**Work instruction:** Lines holding the word "Page" must be located in the listing below and copied.
━━━ Provided data
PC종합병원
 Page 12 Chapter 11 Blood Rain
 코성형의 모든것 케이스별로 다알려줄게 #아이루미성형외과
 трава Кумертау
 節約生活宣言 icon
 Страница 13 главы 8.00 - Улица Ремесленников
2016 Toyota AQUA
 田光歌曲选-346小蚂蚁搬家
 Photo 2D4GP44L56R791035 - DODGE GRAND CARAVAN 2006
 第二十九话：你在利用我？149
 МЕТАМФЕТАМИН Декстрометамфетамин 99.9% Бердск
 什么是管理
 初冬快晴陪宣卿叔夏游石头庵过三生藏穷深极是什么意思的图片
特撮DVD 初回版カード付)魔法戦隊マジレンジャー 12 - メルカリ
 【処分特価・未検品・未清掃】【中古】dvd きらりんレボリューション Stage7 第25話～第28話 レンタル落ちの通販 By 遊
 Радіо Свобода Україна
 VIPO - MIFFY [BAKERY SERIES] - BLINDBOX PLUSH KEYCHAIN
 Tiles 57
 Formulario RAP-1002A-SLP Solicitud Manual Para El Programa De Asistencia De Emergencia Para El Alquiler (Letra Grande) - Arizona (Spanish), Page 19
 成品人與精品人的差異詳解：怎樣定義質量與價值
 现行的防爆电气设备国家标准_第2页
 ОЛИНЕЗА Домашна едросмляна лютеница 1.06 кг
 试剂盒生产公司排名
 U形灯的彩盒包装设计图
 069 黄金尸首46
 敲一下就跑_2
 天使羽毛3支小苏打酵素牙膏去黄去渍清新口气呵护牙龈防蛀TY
━━━━━━
**Task solution:**
 Page 12 Chapter 11 Blood Rain
 Formulario RAP-1002A-SLP Solicitud Manual Para El Programa De Asistencia De Emergencia Para El Alquiler (Letra Grande) - Arizona (Spanish), Page 19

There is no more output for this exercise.